→ What is being asked:
The material below is to be copied exactly from the line with "Image of Underground" up to and including the line with "[BUNJANG] Popchu Plush / 급처) 팝츄 판매", with nothing else kept and no pictures.

→ Entries provided:

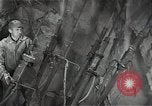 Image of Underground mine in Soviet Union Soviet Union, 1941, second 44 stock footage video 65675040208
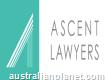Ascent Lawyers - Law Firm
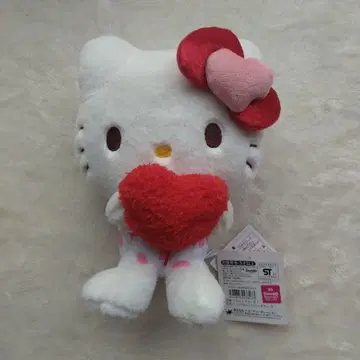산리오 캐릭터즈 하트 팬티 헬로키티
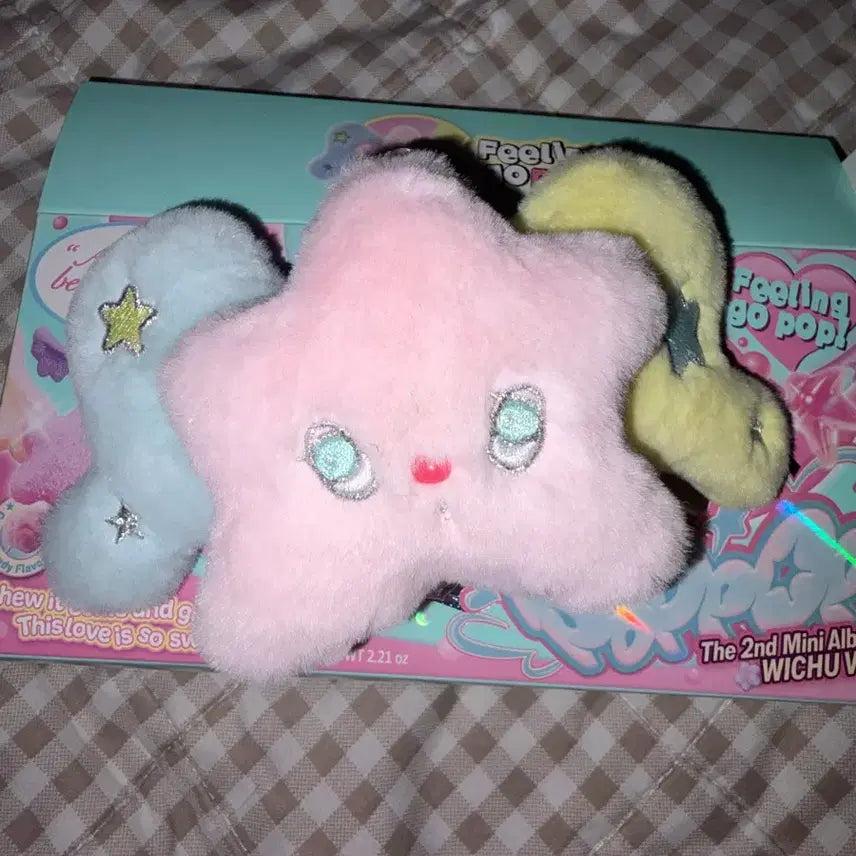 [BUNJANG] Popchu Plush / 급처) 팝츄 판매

--

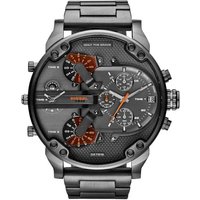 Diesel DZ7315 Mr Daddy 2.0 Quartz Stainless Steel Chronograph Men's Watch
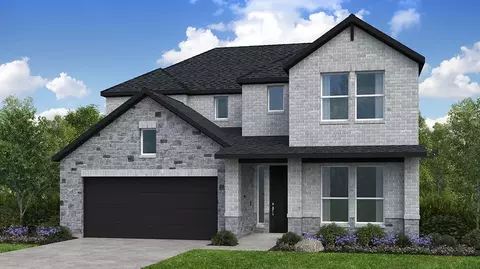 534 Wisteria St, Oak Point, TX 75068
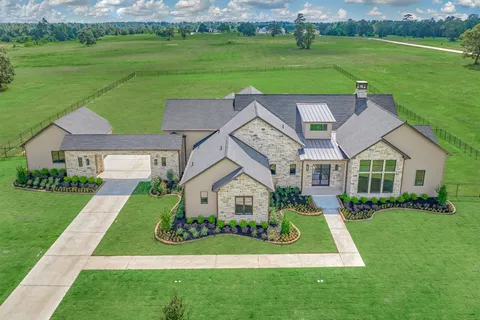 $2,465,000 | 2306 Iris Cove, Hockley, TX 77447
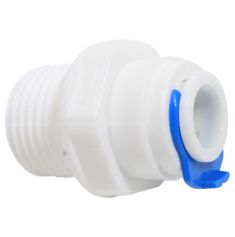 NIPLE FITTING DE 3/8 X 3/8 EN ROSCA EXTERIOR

→ Response for this exercise:
 Image of Underground mine in Soviet Union Soviet Union, 1941, second 44 stock footage video 65675040208
Ascent Lawyers - Law Firm
산리오 캐릭터즈 하트 팬티 헬로키티
 [BUNJANG] Popchu Plush / 급처) 팝츄 판매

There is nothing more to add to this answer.